# Material supplied
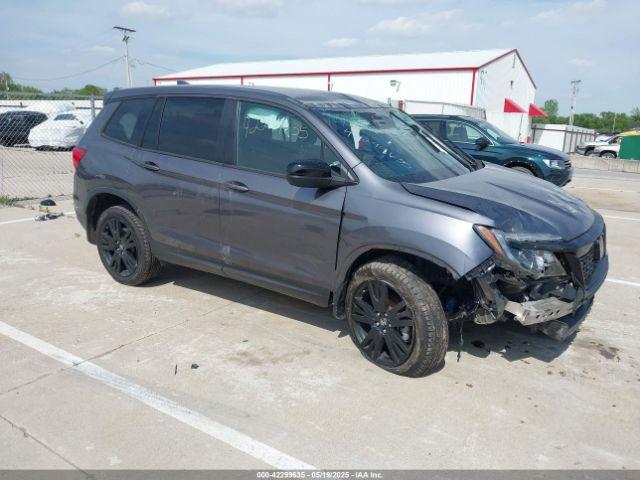  Salvage Honda Passport
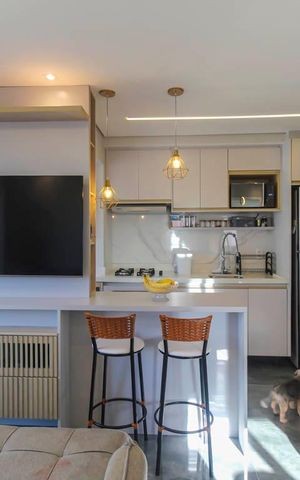 Apartamento para alugar com 40m², 2 quartos e 1 vaga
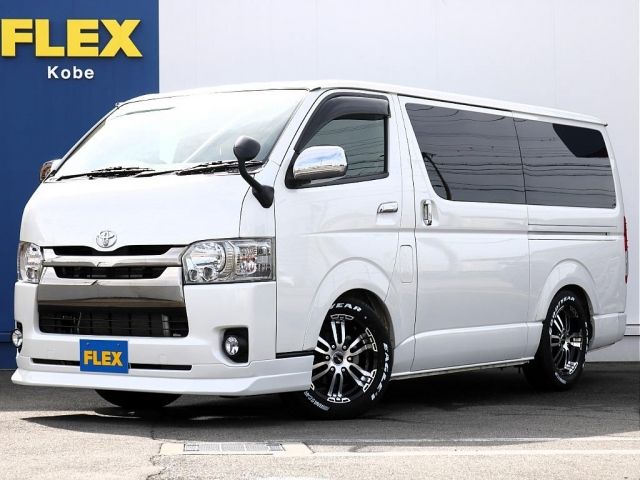 TOYOTA HIACE van 4WD 2018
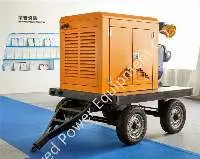 Sewage Pump Truck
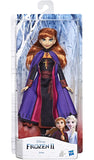 Disney Frozen Anna Fashion Doll with Long Red Hair & Outfit Inspired by Frozen 2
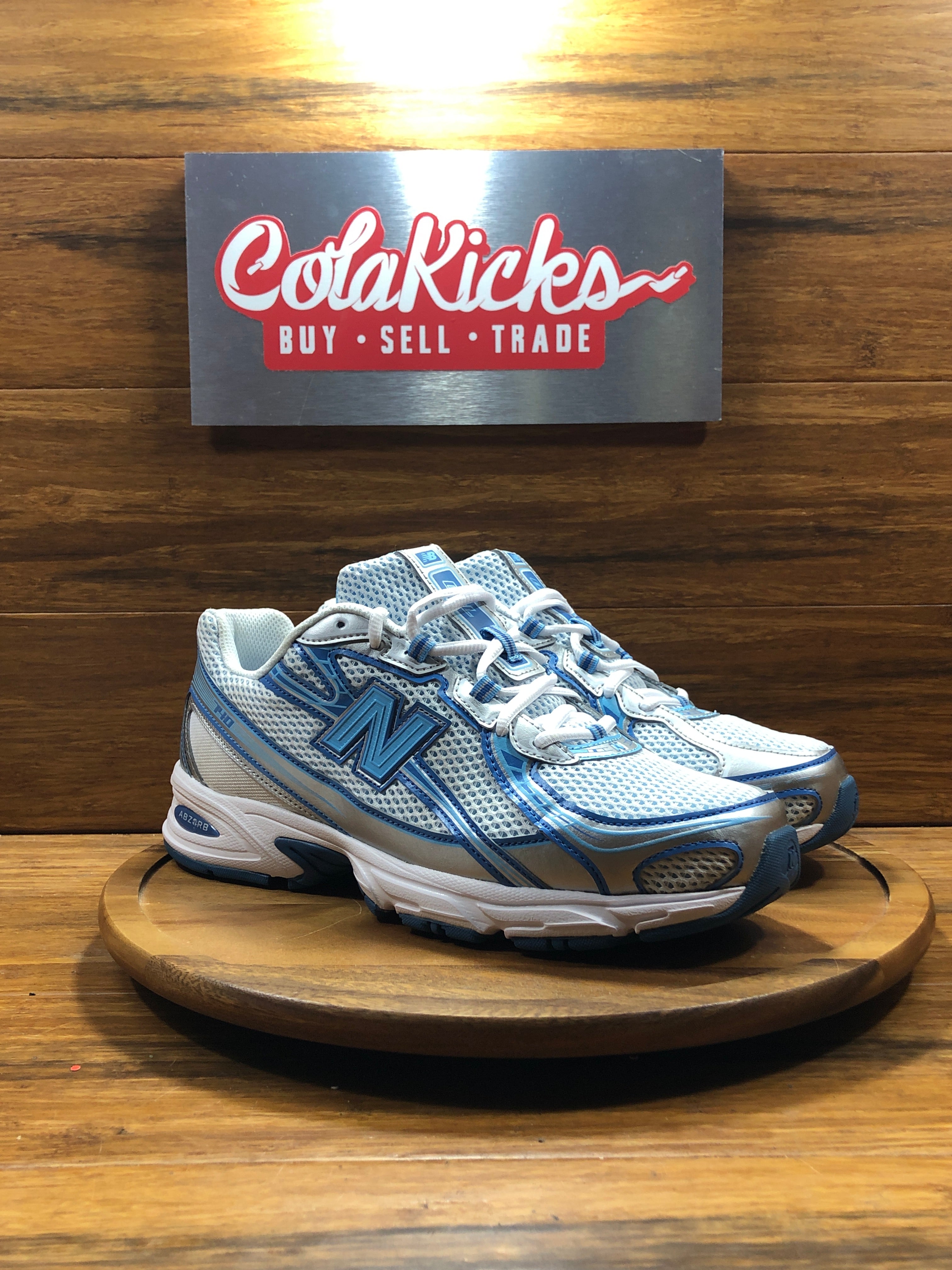New Balance 740v2 Blue Agate White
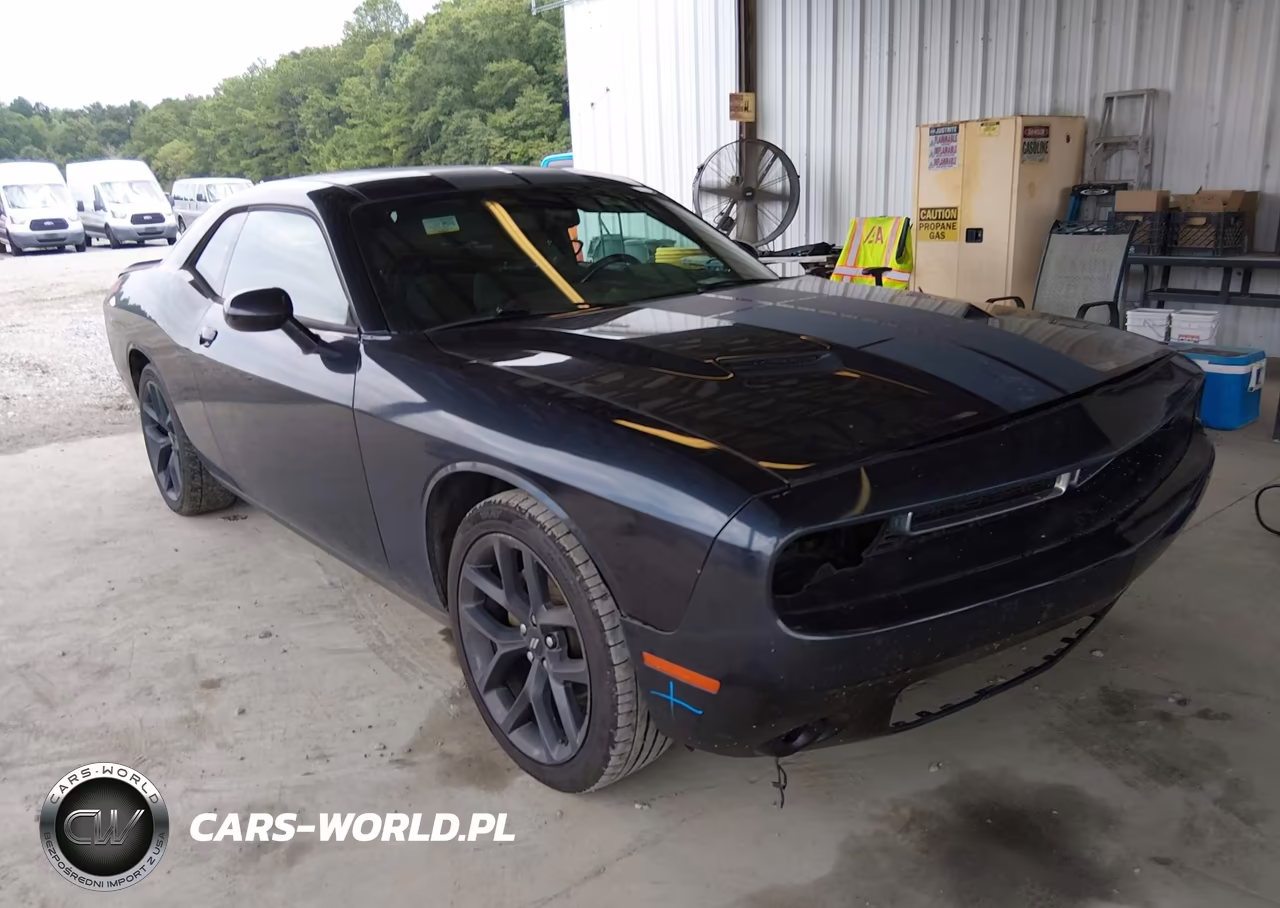 2019 Dodge Challenger Sxt – zdjęcie 1 z 18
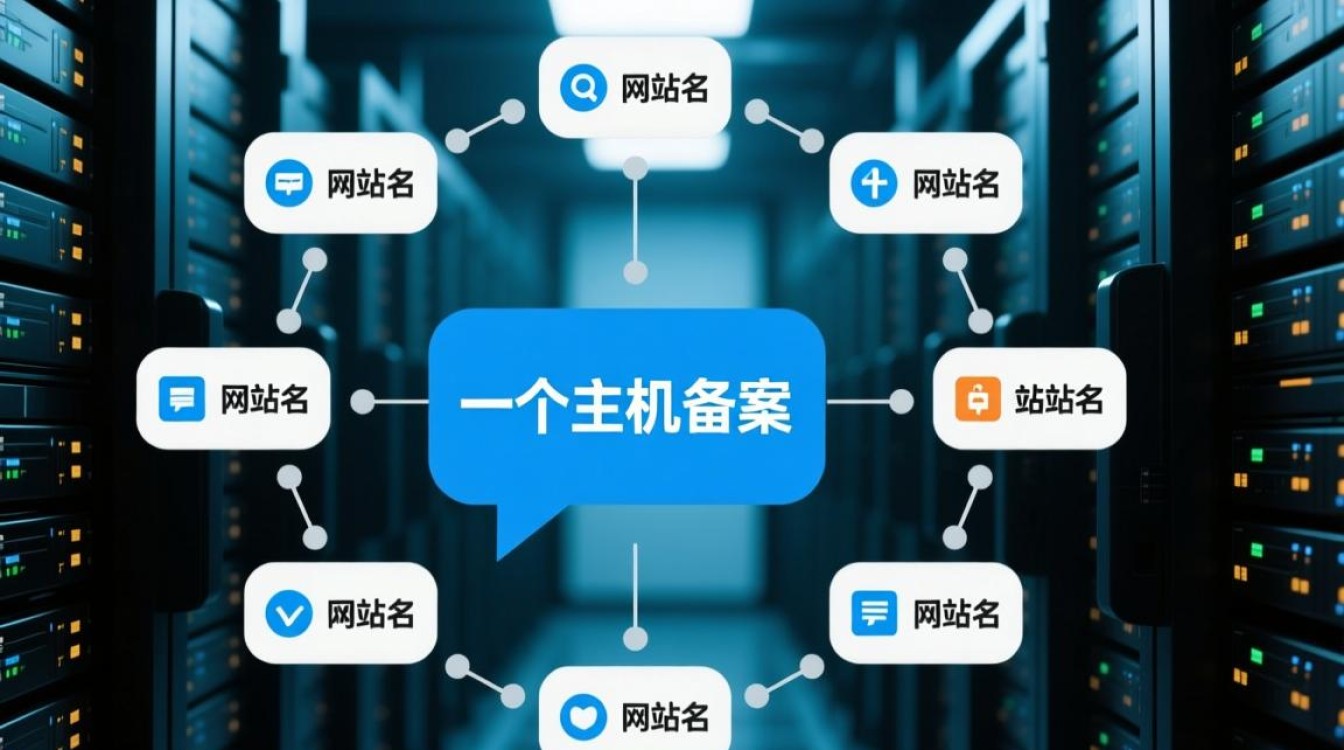 为何一个主机备案能绑定多个域名？背后原理及操作指南揭秘！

# Aim of the task
The response should be the lines from the one containing "2019 Dodge Challenger Sxt – zdjęcie 1 z 18" through the final line of the records, reproduced exactly and with every picture left out.

# Exercise result
 2019 Dodge Challenger Sxt – zdjęcie 1 z 18
 为何一个主机备案能绑定多个域名？背后原理及操作指南揭秘！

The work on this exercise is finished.